Every line below between the line holding "UNESCO ครั้งที่ 1/2565" and the line holding "Áo Thun Quán Ốc Giá Rẽ", inclusive, should be repeated exactly, and all other lines omitted.

** Opening Dataset excerpts block **

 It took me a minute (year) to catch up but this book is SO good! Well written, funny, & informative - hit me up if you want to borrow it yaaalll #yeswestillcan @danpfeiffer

** Closing Dataset excerpts block **
** Opening Dataset excerpts block **

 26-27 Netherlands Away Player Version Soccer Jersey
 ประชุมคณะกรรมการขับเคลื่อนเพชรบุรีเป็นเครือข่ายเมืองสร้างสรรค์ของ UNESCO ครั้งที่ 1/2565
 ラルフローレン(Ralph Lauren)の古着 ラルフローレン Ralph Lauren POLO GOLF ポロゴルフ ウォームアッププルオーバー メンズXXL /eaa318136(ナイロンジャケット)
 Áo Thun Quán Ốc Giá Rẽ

** Closing Dataset excerpts block **

§ **Response to this task**
 ประชุมคณะกรรมการขับเคลื่อนเพชรบุรีเป็นเครือข่ายเมืองสร้างสรรค์ของ UNESCO ครั้งที่ 1/2565
 ラルフローレン(Ralph Lauren)の古着 ラルフローレン Ralph Lauren POLO GOLF ポロゴルフ ウォームアッププルオーバー メンズXXL /eaa318136(ナイロンジャケット)
 Áo Thun Quán Ốc Giá Rẽ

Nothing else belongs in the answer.